= Provided data =
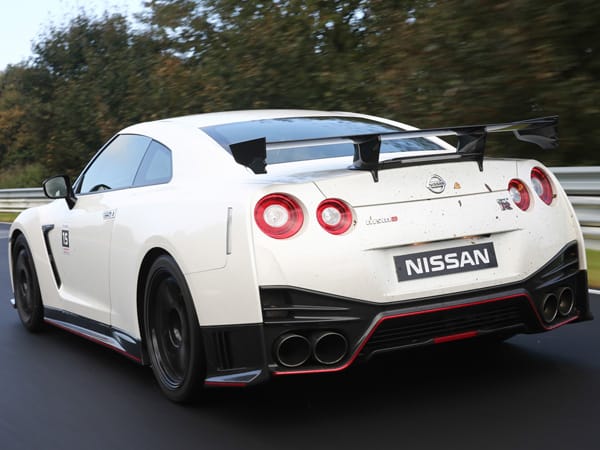 Wie beim Standard-GT-R dauert der Spurt von null auf 100 km/h 2,7 Sekunden, die Höchstgeschwindigkeit liegt bei 315 km/h. Wichtiger sind die Modifikationen am Fahrwerk. Neben einem strafferen Setup, neuen Dämpfern und einer geänderten Vorderradaufhängung sorgen vor allem die eigens entwickelten Dunlop-Reifen für höhere Kurvengeschwindigkeiten.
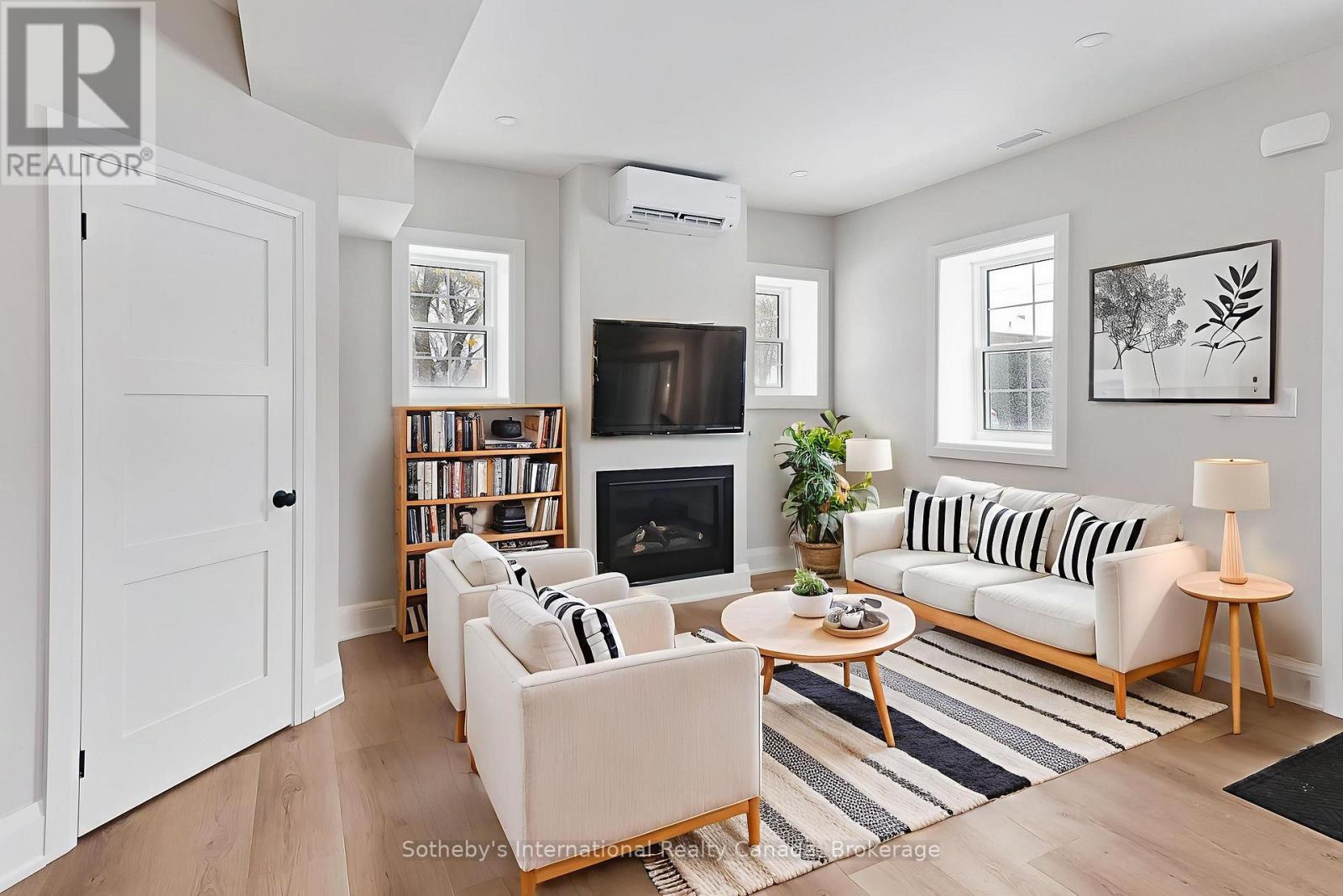 363 Sixth Street, Collingwood, Ontario  L9Y 1Z6 - Photo 4 - S12569402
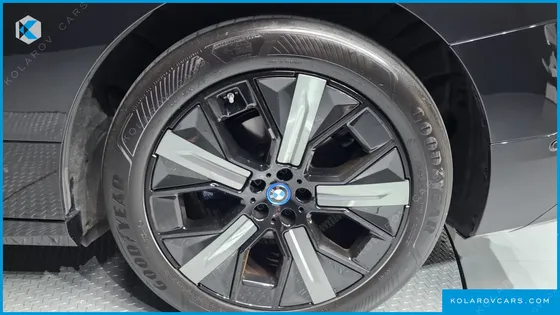BMW IX XDRIVE50 SPORTS PLUS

= What to produce =
Where an image appears in the data, skip it, and return the rest verbatim.

= Exercise answer =
 Wie beim Standard-GT-R dauert der Spurt von null auf 100 km/h 2,7 Sekunden, die Höchstgeschwindigkeit liegt bei 315 km/h. Wichtiger sind die Modifikationen am Fahrwerk. Neben einem strafferen Setup, neuen Dämpfern und einer geänderten Vorderradaufhängung sorgen vor allem die eigens entwickelten Dunlop-Reifen für höhere Kurvengeschwindigkeiten.
 363 Sixth Street, Collingwood, Ontario  L9Y 1Z6 - Photo 4 - S12569402
BMW IX XDRIVE50 SPORTS PLUS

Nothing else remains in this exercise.